--- DESCRIPTION OF THE TASK ---
A verbatim repeat of the lines below is required, with the pictures removed.

··· MATERIAL PROVIDED ···

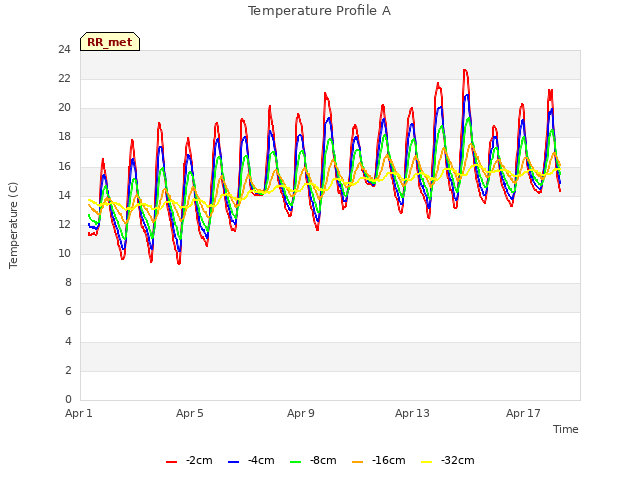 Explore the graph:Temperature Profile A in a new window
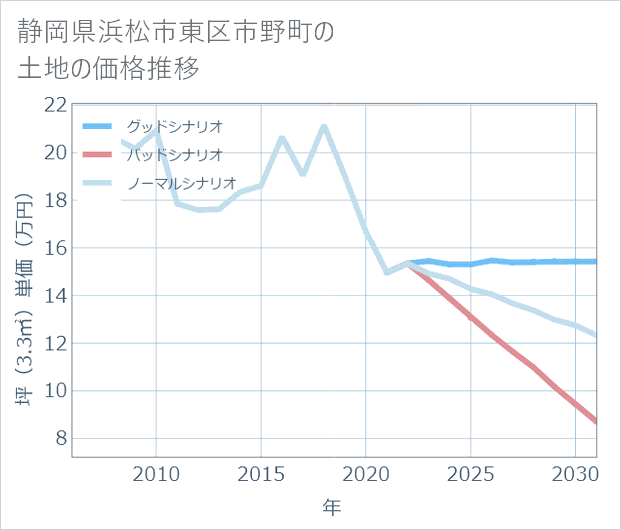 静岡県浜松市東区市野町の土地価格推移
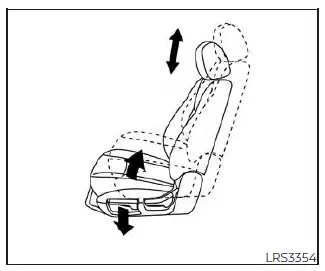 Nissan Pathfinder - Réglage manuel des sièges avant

···

--- FINAL ANSWER ---
 Explore the graph:Temperature Profile A in a new window
 静岡県浜松市東区市野町の土地価格推移
 Nissan Pathfinder - Réglage manuel des sièges avant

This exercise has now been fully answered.